Le niveau de jeu entre celui du club Bleu et Or, duquel elle faisait partie, depuis sa cinquième année et celui de calibre universitaire, il y a une grosse différence.
Il est assez rare de voir une recrue percer la formation de volley-ball aussi rapidement et montrer d’aussi bonnes aptitudes. Les gens se souviendront de Christelle Bertin, qui a très bien performé l’an dernier. Cette saison n’en fait pas exception, alors qu’elle domine sur tous les aspects. Peut-être que les partisans seront en mesure de voir la même chose cette saison avec Doiron.
Pascale justifie son temps de jeu avec la relation de confiance qu’elle partage avec Monette Boudreau-Carroll, son entraineuse : «Je crois qu’elle a confiance en moi. Quand je suis sur le terrain, c’est parce qu’elle a la certitude que je vais faire le travail qu’elle demande. De plus, elle n’a pas peur de me changer de position au besoin. »
Le choix pour Doiron de rejoindre la formation des Aigles bleus fut un choix facile : «ce qui m’a poussée à jouer avec les Aigles serait probablement ma sœur Marie-Pier Doiron, qui a elle aussi joué dans cette équipe et j’ai toujours voulu suivre ses pas», affirme-t-elle.
Pour ce qui est de la perception des vétéranes concernant l’implication sur le terrain de Pascale, il va sans dire que sa présence est positive. Rachelle Lemoine, pilier de la formation est satisfaite du travail de sa jeune recrue : «jusqu’à présent, Pascale nous impressionne avec son travail et son attitude déterminante. Elle amène une très bonne énergie à l’équipe» annonce-t-elle.
Étant recrue, Doiron prend souvent exemple sur les joueuses d’impact qui l’entourent sur le terrain : «Pour moi, je trouve que les vétéranes apportent de très bonnes connaissances face aux jeux grâce à leur expérience. Elles apportent toutes également un bon esprit d’équipe.»
Pascale Doiron est originaire de Caraquet, mais demeure à Dieppe depuis 2002. Elle a seulement 18 ans et prévoit de poursuivre son baccalauréat sur une période de cinq ans.
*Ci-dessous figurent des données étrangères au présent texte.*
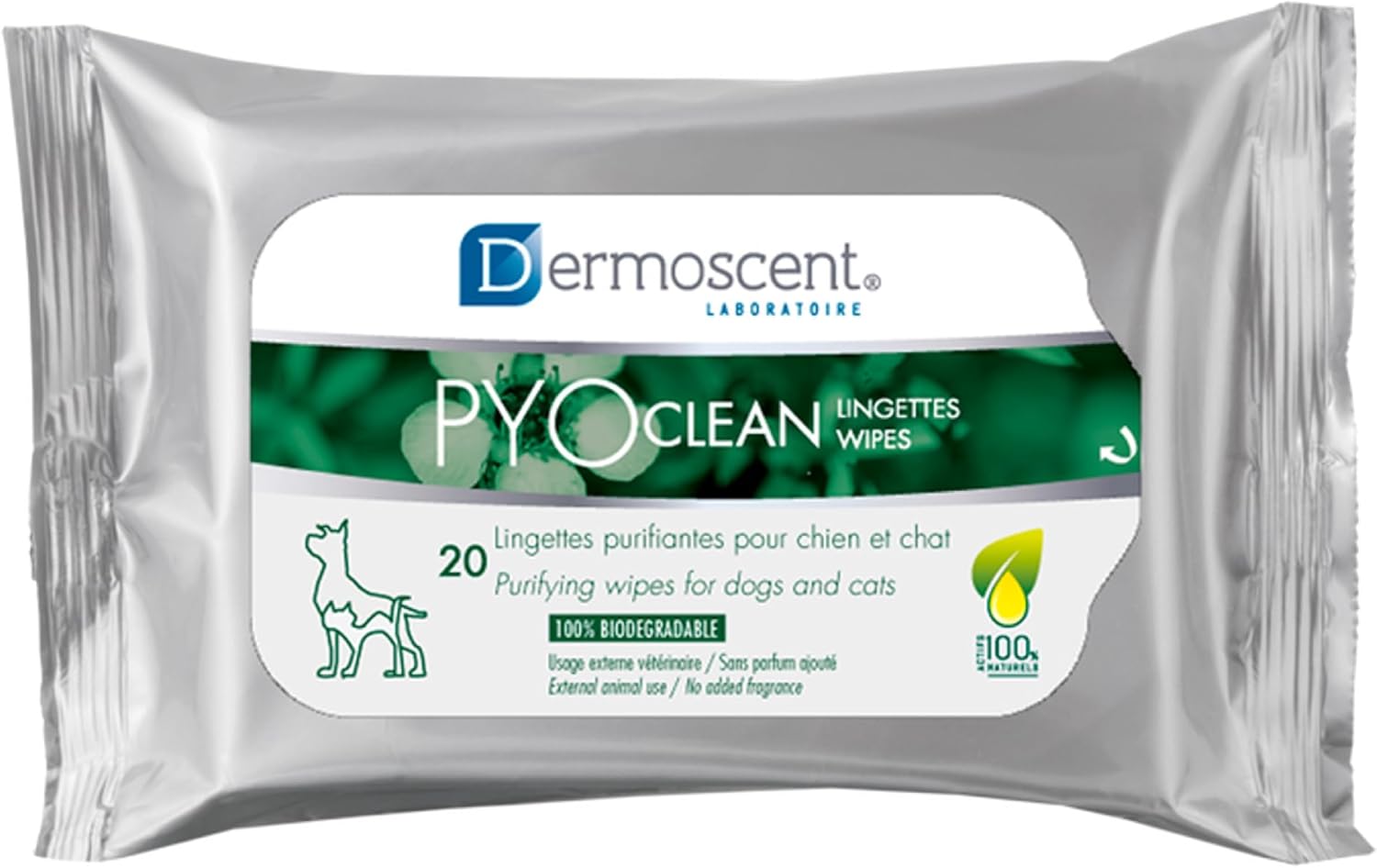 Dermoscent PyoClean Dog Wipes Antibacterial + Antifungal Pet Cat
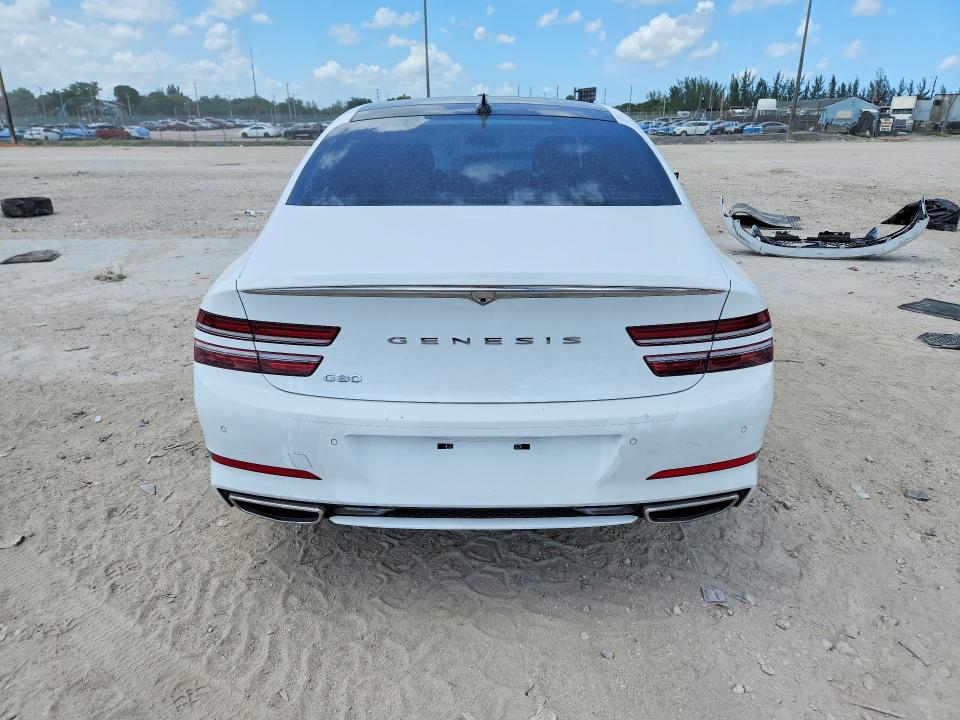 Photo 6 from auction – 2022 GENESIS G80 with VIN KMTGB4SC5NU109594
Durant ce temps, elle espère laisser sa marque parmi la famille des Aigles bleues.
Après un début de saison difficile, avec cinq défaites au tournoi de Montréal, la formation de Boudreau-Carroll a su rebondir lors du dernier match présenté à domicile. Les Aigles ont remporté la partie contre l’Université d’Acadia, trois manches contre une.